Winkler Prins Encyclopedie

E. de Bruyne, G.B.J. Hiltermann en H.R. Hoetink (1947)

Gepubliceerd op 28-12-2022

DAUPHINÉ

betekenis & definitie

(Delphinatus), voormalige Franse prov., omvat thans de departementen Isère, Drôme, Hautes-Alpes en een klein deel van Vaucluse, wordt begrensd aan de noord- en westzijde door de Rhône, aan de oostzijde door de Alpen en in het Z. door Provence en is het stroomgebied van de Isère, Drôme en de Durance, alle drie zijrivieren van de Rhône. Het land is grotendeels bergachtig, alleen het N.W. is vlak.
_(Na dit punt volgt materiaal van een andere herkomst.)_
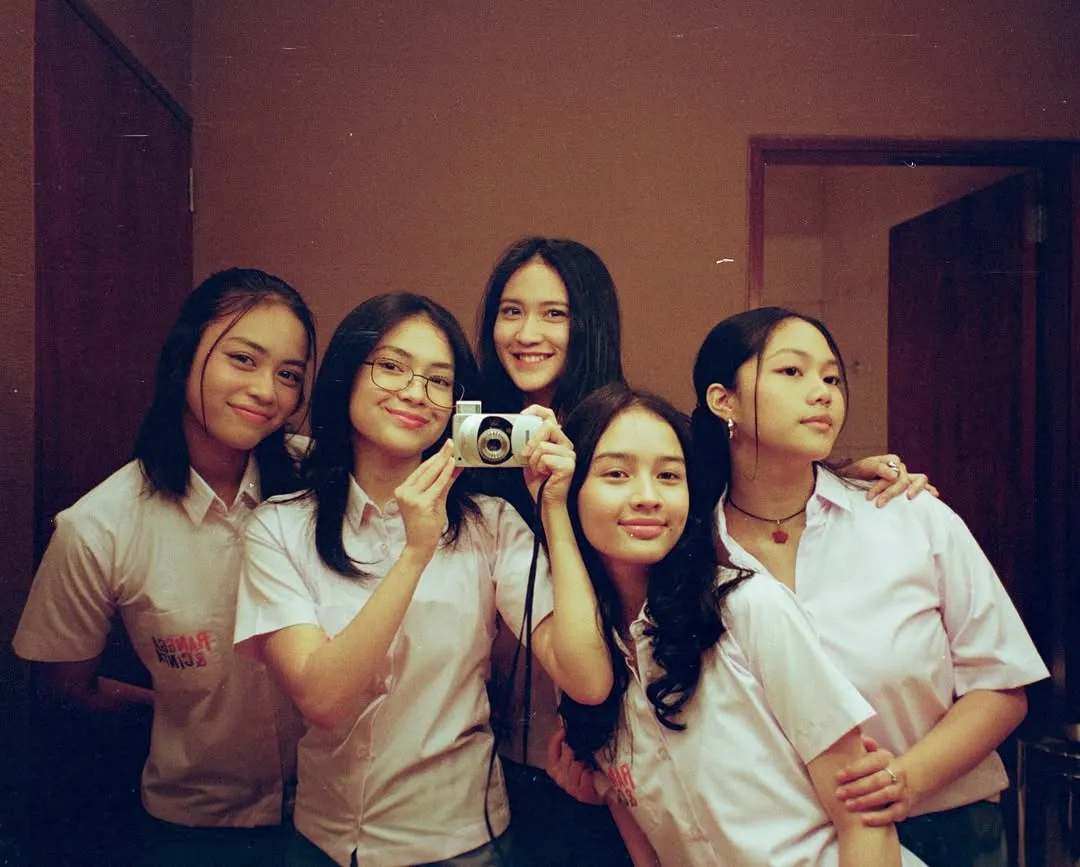Geng Cinta Sangat Membantu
De provincie is zeer rijk aan natuurmonumenten. In het bijzonder sprak men vroeger van de zeven wonderen van Dauphiné. Dit zijn: „de onbestijgbare of naaldberg” (ten W. van Mens), „de grot te La Balme” (aan de Rhône), „de toren zonder vergif” en „de holen van Sassenage” (bij Grenoble), „de brandende bron” (ten Z.W. van Vif), „de wijnbron” en „de sidderende weide” (bij Gap).Na de val van het Romeinse keizerrijk vormde Dauphiné het zuidelijk gedeelte van het Bourgondische rijk en kwam daarmede onder de heerschappij van de Franken, doch in 1032 tot het midden van de 14de eeuw in het bezit van de Duitse keizers. De heren van Albon noemden zich dauphins, en vermoedelijk heeft dit gewest van hen de naam ontvangen. Met Guigo V, zich graaf en dauphin van Viennois noemende, stierf tegen het einde van de 12de eeuw het geslacht van die heren uit; doch een zoon van zijn erfdochter Beatrix en van Hugo van Bourgondië werd in het begin van de 13de eeuw de stamvader van een nieuw geslacht, dat echter in 1281 in de manlijke lijn wederom uitstierf, waarna een zusterszoon van de laatste dauphin, tevens een zoon van graaf Humbert I de la Tour du Pin, een derde dynastie stichtte. Hij werd opgevolgd door zijn zoon Guigo VIII, en deze door zijn broeder Humbertus II, die in 1343 Dauphiné afstond aan het Franse koningshuis.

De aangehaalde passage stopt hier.